A ex-banker who operated in Kelowna is being fined over $1 million for transferring hundreds of thousands of dollars from elderly clients to bank accounts he controlled.
Scotiabank representative Marc-Antoine Ladeiro was found by the Canadian Investment Regulatory Organization (CIRO) to have have “willfully and deceptively misappropriated $354,700 from an elderly couple” before disappearing entirely.
“His deliberate and surreptitious scheme to misappropriate client funds was a clear, protracted and egregious breach of his obligations,” the investigating panel wrote in its decision.
Ladeiro had worked as banking advisor in France in 2010, where he stayed until 2018 when he then moved to Canada.
After moving to Canada, Ladeiro worked as a dealing representative in another firm before he moved to Scotiabank in 2019, where he acted as a dealing representative in mutual funds.
The decision states that Ladeiro first came into contact with the couple – referred to as NT and MT, who were at the time in their late 80s and early 90s, and had held investments with Scotiabank – on April 27, 2020.
From that point on, it seems Ladeiro was the only person responsible for the couples’ Scotiabank file, being the only person who added notes to their bank file.
On July 22, 2020, Ladeiro opened three savings accounts at his Scotiabank Branch that were opened under the name of KO. Ladeiro was listed as the only advisor who made notes for the KO’s accounts.
A few days later on July 28, Ladeiro started withdrawing money from one of the clients’ joint accounts to another through six transactions, despite receiving no instructions from the couple to do so.
These six withdrawals totalled $233,504.47 and were done over nearly two years, with the last of the withdrawals happening on Feb. 8, 2022.
Ladeiro would then transfer the money, along with an additional $121,195.53 from one of the clients’ other accounts to the KO accounts through 700 transactions.
The money was then “layered back and forth between KO’s accounts” and then withdrawn in hundreds of transactions using e-transfers.
Of the money, $264,609.12 was put into an account owned by Ladeiro that is in another bank.
Another $89,515.97 were seemingly deposited into online gambling sites, as the money was transferred to a payment processing entity used by those organizations.
The decision states that a smaller portion of the withdrawn money was transferred to a charity as Ladeiro emptied his account.
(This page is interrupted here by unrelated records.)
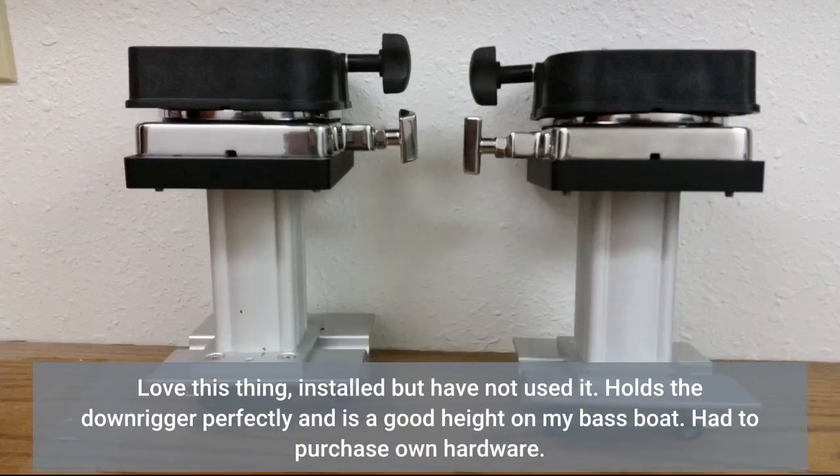Love this thing! Installed but have not used it yet. Holds the downrigger perfectly and is a good height on my base boat. Had to purchase own hardware.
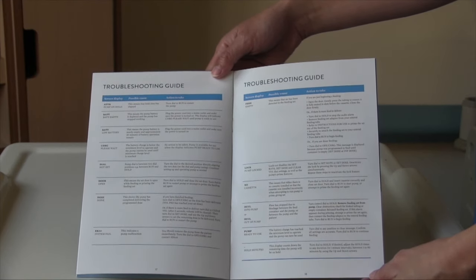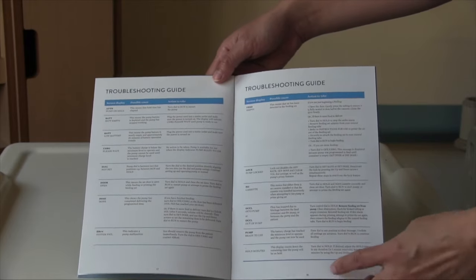There is a complete troubleshooting guide in your training manual on pages 17 and 18.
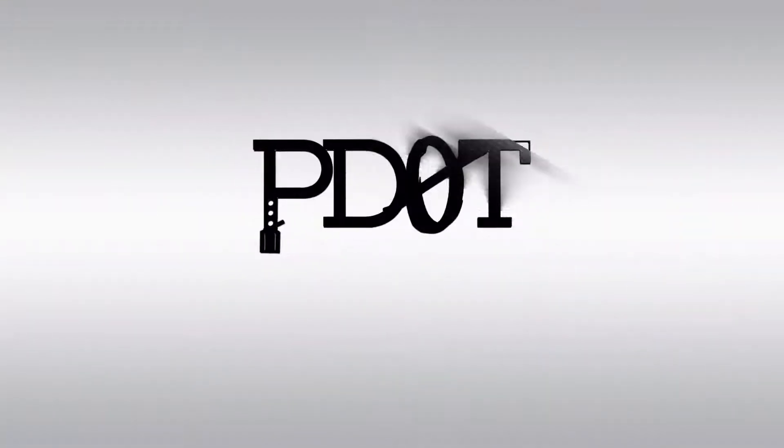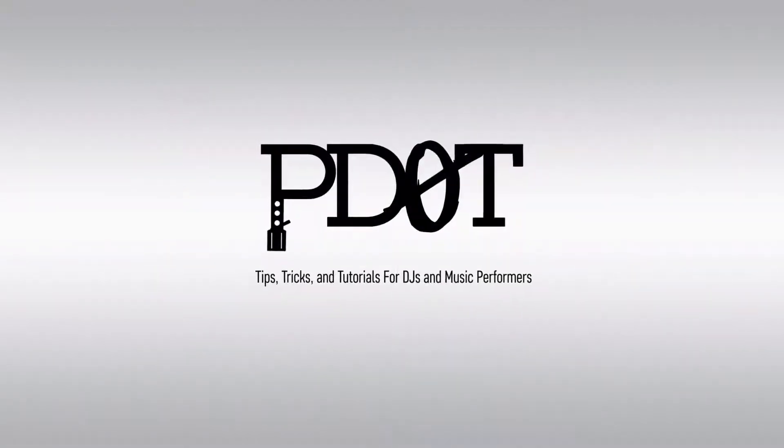In this week's news we get more information about Electron's newest product, a new product from Numark for all the mobile DJs out there, and DJ Tech Tools announces their top 10 controllers for 2016. Thank you for watching P.DOT TV where you'll find tips, tricks and tutorials for DJs and music performers. Now let's get into the video.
This “small remaining amount” adds up to around $574.91.
A few days after, on Feb. 14, Ladeiro quit his job at Scotiabank and told his manager that he was leaving for personal reasons and heading back to Europe.
It was then reported that local RCMP starting investigating Ladeiro for suspected identity theft and fraud involving the KO accounts, who is believed to be a non-existent person.
The RCMP investigation found that Ladeiro had faked discussions between himself and KO to put in the file’s notes.
It was also found that Ladeiro used the same computer to access both his personal accounts and the KO accounts, which were also “repeatedly accessed within minutes of each other using the same IP address.”
On Feb. 2, 2023, one member of the couple, NT, confirmed that he didn’t direct Ladeiro to send the money to the KO accounts.
The spouse, MT, had passed away in 2021.
Disappearing act
From July 2022 to October 2025, there were repeated attempts to find Ladeiro or make him appear before a panel.
None of these attempts were successful.
CIRO staff first attempted to contact him in July and September of 2022 through mail and phone but no responses were received.
In 2023, CIRO used a skip tracer – a person who finds people who have disappeared, often employed to find people who have unpaid bills – who searched for Ladeiro using documents and databases from B.C., Canada and France, but was unable to find him.
CIRO staff would then try his personal email to which no response was given.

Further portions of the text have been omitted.